Anatomy of a One Night Stand: Jim Fall Interview

First-time Director Jim Fall brings gay romance to the screen with "Trick"

By Jeff Walsh

The best movie I saw this summer was "Trick," a story about a nervous composer whose one-night stand with a go-go boy is never consummated. In what could have been very cliché and poorly executed, Trick rises above the fold due to its amazing performances and direction by first-time movie director Jim Fall.

For Fall, the movie was a labor of love that took five year to bring to the screen. Fall dropped out of NYU Film School in 1985, and worked a lot of odd television and film production jobs learning how to make a movie.

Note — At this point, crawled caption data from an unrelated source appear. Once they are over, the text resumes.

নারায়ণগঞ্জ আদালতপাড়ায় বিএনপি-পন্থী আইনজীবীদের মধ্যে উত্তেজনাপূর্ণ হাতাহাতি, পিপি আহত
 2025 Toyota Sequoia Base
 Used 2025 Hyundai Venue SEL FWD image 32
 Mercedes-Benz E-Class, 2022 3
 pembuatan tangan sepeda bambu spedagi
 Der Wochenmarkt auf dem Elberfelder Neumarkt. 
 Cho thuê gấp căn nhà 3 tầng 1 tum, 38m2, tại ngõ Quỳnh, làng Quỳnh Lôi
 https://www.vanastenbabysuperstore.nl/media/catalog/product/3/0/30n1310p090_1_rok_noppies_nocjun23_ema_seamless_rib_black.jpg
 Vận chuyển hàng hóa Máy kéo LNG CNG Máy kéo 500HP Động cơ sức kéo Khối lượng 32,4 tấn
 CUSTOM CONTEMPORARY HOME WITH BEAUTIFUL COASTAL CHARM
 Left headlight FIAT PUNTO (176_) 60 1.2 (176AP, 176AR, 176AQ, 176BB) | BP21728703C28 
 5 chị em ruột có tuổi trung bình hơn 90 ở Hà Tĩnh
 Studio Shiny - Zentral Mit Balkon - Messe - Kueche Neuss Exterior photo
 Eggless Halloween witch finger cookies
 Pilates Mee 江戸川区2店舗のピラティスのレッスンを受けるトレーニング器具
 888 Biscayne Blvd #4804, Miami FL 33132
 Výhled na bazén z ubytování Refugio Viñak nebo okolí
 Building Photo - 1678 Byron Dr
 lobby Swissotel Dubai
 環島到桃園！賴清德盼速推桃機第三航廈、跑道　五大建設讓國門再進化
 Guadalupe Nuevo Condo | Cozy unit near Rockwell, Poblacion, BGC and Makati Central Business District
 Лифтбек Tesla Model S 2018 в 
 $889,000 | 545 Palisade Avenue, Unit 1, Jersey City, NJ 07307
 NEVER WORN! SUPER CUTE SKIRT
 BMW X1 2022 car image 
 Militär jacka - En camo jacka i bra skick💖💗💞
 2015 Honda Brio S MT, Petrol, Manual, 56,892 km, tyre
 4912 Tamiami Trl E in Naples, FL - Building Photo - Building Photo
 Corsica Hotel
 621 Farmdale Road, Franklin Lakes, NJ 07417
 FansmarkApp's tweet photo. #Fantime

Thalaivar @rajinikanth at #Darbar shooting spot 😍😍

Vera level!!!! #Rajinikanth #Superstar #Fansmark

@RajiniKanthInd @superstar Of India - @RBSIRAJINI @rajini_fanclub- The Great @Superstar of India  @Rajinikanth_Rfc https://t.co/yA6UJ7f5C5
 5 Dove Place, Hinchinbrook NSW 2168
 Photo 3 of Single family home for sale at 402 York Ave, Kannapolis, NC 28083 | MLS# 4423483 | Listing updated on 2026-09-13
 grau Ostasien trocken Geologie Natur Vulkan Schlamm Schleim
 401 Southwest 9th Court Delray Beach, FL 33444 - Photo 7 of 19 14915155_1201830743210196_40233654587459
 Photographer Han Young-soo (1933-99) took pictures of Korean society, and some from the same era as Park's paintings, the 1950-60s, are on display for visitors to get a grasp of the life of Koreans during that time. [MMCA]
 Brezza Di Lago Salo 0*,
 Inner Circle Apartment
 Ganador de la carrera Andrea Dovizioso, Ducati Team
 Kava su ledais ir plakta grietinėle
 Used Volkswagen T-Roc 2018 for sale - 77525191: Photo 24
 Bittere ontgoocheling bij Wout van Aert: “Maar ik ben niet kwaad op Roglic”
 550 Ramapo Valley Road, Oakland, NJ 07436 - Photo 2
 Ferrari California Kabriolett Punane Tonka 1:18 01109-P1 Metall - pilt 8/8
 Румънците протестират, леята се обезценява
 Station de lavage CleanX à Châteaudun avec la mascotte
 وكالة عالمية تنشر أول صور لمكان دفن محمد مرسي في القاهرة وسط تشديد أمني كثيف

In a recent interview with Oasis, Fall talked about the process, which also found him directing movie-spoof plays off-Broadway that a friend of his wrote.

"A friend of mine wrote this sci-fi spoof called Chorus Girls on Mars!, which was very funny and one of my first forays into theater, and it kept me directing, which was the important thing," he said. "Because how could I hold my head up and say I was a director if I weren't directing?"

After directing theater for another five years, Fall decided to return to his initial goal and began writing a script similar to Trick, although the characters were 10 years older.

"They were in their 30s, and it had an AIDS storyline in it," he said. "This was like '92, and that movie didn't happen. In that time, Jeffrey, Longtime Companion and Philadelphia all came and went, and people were tired of movies with an AIDS storyline."

Around that same time, people's attitudes about AIDS also changed as better drugs were invented and people started living longer with the disease. Fall stopped working on his script and started looking for a script he could direct instead.